Exercise objective - Your task is to write out every line of the data exactly. Drop the pictures.

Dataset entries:

╔══

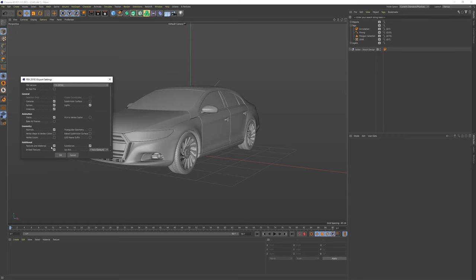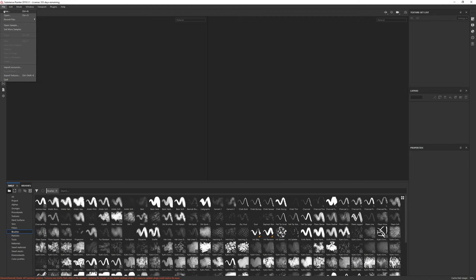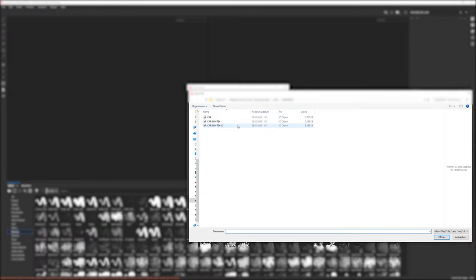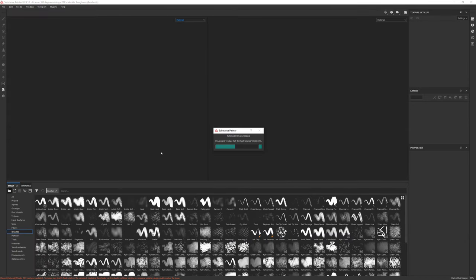You export your FBX from your favorite tool of choice. Then you make a new project inside of Substance Painter and open your FBX. Substance automatically calculates your UV coordinates for texturing.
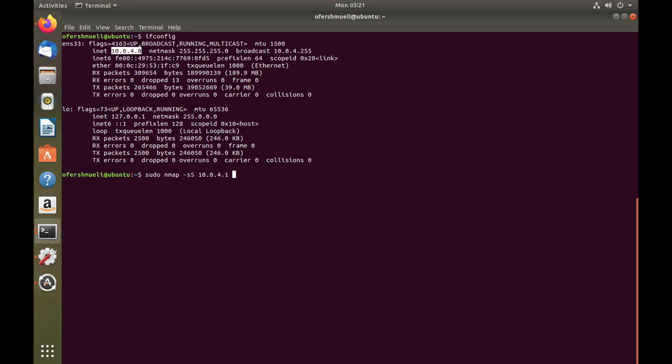I remind you that's the gateway our Ubuntu device is connected to. The other thing to do is use the decoy technique with -D, and let's presume that we are coming from 10.0.7.33.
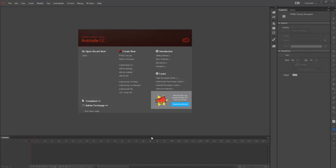The following video is going to show you how to create a regular motion tween using Adobe Animate CC. First thing I'm going to do is select HTML5 canvas.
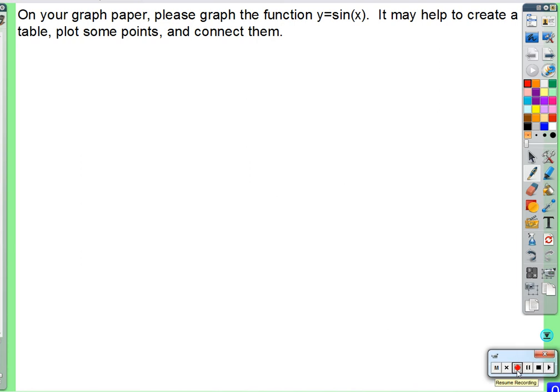I want you to draw a graph of y equals sine of x. We're going to concentrate on the graphs of sine of x, cosine of x, and tangent of x. For the sine and the cosine, we're going to find the amplitude, and then for all of them, we're going to find the period.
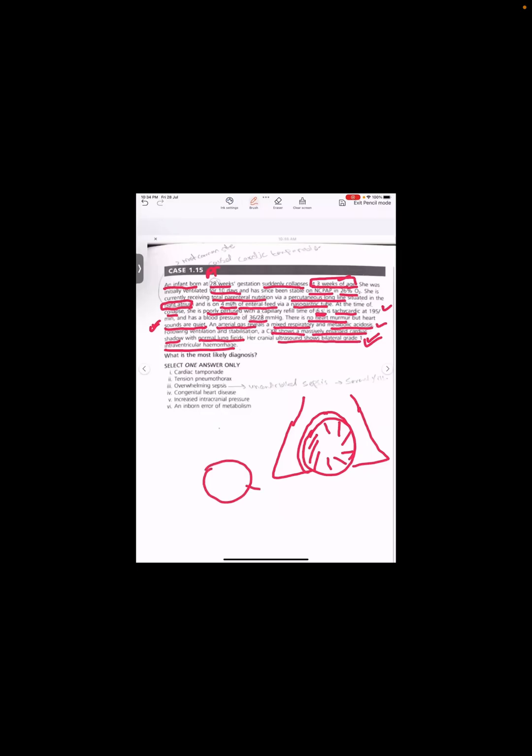This is the picture of cranial ultrasound showing bilateral grade 1 intraventricular hemorrhage. What is the significance of this? Either there is sudden hemorrhage in the brain that led the baby to collapse, but if there was only CNS problem, there must be respiratory acidosis. If it was a cardiac problem, then initial presentation will be with metabolic acidosis. When the child becomes more and more sick, then these two acidoses can collectively present in our ABGs. So what is the most likely diagnosis?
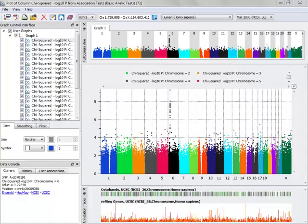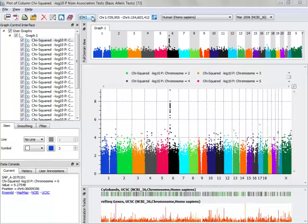So now that I've got my Manhattan plot, I want to go ahead and zoom in and investigate my most significant regions a little bit more. I can do that by left-clicking and dragging anywhere on the plot, or by double-clicking on the 6 in the full domain view, or I can even go in and click the drop-down button and click chromosome 6.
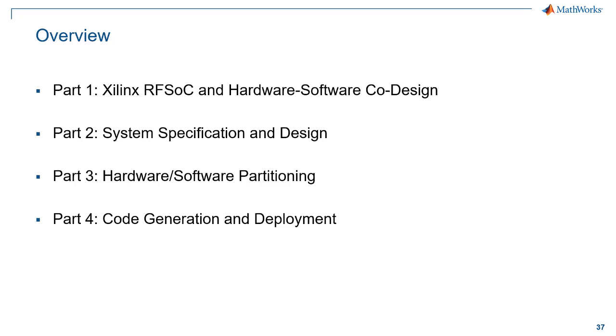This concludes part three of the video series. In part four, we'll show how to generate C and HDL code for the range Doppler radar algorithm and automate the deployment of our prototype design to the Xilinx ZCU-111 Development Kit.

╚══

Answer section -
You export your FBX from your favorite tool of choice. Then you make a new project inside of Substance Painter and open your FBX. Substance automatically calculates your UV coordinates for texturing.
I remind you that's the gateway our Ubuntu device is connected to. The other thing to do is use the decoy technique with -D, and let's presume that we are coming from 10.0.7.33.
The following video is going to show you how to create a regular motion tween using Adobe Animate CC. First thing I'm going to do is select HTML5 canvas.
I want you to draw a graph of y equals sine of x. We're going to concentrate on the graphs of sine of x, cosine of x, and tangent of x. For the sine and the cosine, we're going to find the amplitude, and then for all of them, we're going to find the period.
This is the picture of cranial ultrasound showing bilateral grade 1 intraventricular hemorrhage. What is the significance of this? Either there is sudden hemorrhage in the brain that led the baby to collapse, but if there was only CNS problem, there must be respiratory acidosis. If it was a cardiac problem, then initial presentation will be with metabolic acidosis. When the child becomes more and more sick, then these two acidoses can collectively present in our ABGs. So what is the most likely diagnosis?
So now that I've got my Manhattan plot, I want to go ahead and zoom in and investigate my most significant regions a little bit more. I can do that by left-clicking and dragging anywhere on the plot, or by double-clicking on the 6 in the full domain view, or I can even go in and click the drop-down button and click chromosome 6.
This concludes part three of the video series. In part four, we'll show how to generate C and HDL code for the range Doppler radar algorithm and automate the deployment of our prototype design to the Xilinx ZCU-111 Development Kit.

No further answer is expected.